Council to discuss Porter project at Aug. 8 meet

United States Environmental Protection Agency (EPA) officials recently began work on the former HK Porter factory site, and city officials are inviting anyone with questions, concerns or an interest in the project to attend the next meeting of the Huntington Common Council on Tuesday, Aug. 8, at 7 p.m. in the city council chambers, 300 Cherry St.

Andrew Maguire, the EPA federal on-scene coordinator for the project, which is expected to last 10 weeks, and city officials plan to present the most current information on the Superfund project.

EPA officials arrived in Huntington on July 17 to start the assessment phase, which involved air and soil tests for baseline quality and a review of all potential hazards to public health.

Maguire and his team of 12 is preparing for the removal of several hazardous materials – including asbestos, lead and benzine – at the site.

Maguire and his crew recently obtained and packaged air and water samples for testing at an independent lab. They reported they are aware of lead in the soil and are systematically testing areas throughout the site. City-owned public rights of way will also be tested, which may lead Maguire to request testing of privately-owned properties as well.

Huntington Mayor Brooks Fetters delivered letters regarding the project to area residents on July 27. Maguire, Huntington Director of Development and Redevelopment Bryn Keplinger and other city officials spoke with homeowners in the area on July 28, to hear concerns and to offer open communication regarding the clean-up.

“We have technology onsite that continuously monitors air quality at locations throughout the site,” said Maguire. “If the level of asbestos were to reach a level that the EPA deems unsafe, I receive an e-mail immediately. At that point our crew would cease operations and fix the air quality issue before resuming work.”

Keplinger hopes many will take advantage of the opportunity to attend the meeting. He stresses the importance of communication regarding hazardous materials, especially since so many children live and play near the HK Porter site.

“We hope parents will remind their kids not to enter the HK Porter site during the Superfund clean-up or subsequent redevelopment,” says Keplinger. “We look forward to one day sharing this space with the public, but until then it is not a safe place to play or explore.”

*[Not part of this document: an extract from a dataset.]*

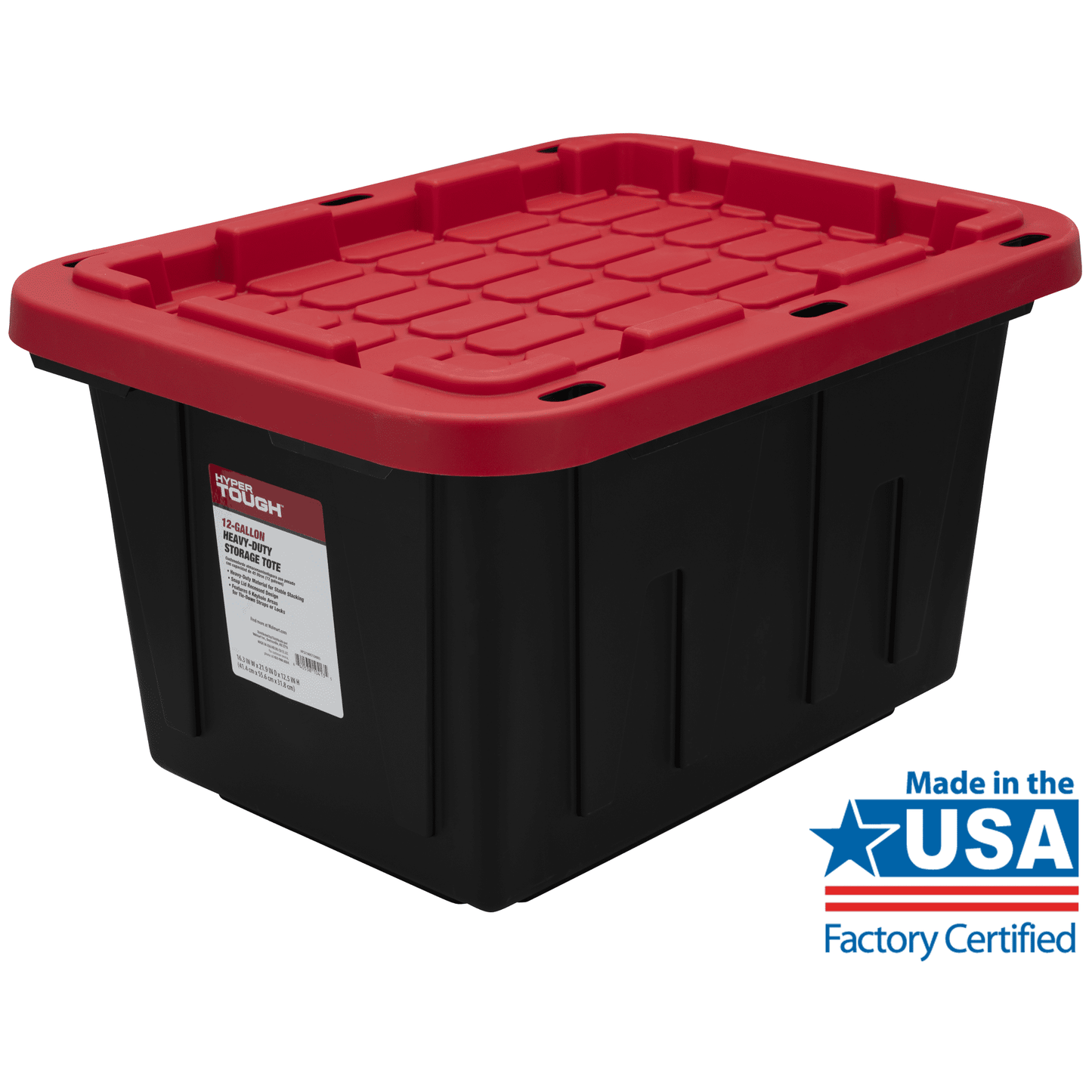 (Pack of 4) Hyper Tough 12 Gallon Small Storage Bin with Snap Lid, Black and Red, Heavy Duty Plastic Storage Container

The 12-acre property on Sabine Street became the property of Huntington in March 2014, after a series of initial environmental assessments. The city secured the perimeter to discourage trespassing and has demolished eight outlying buildings.

The city was awarded an EPA Brownfield Assessment in the spring of 2015. In October 2015, the site was approved for action on the EPA’s Superfund Emergency Response Program.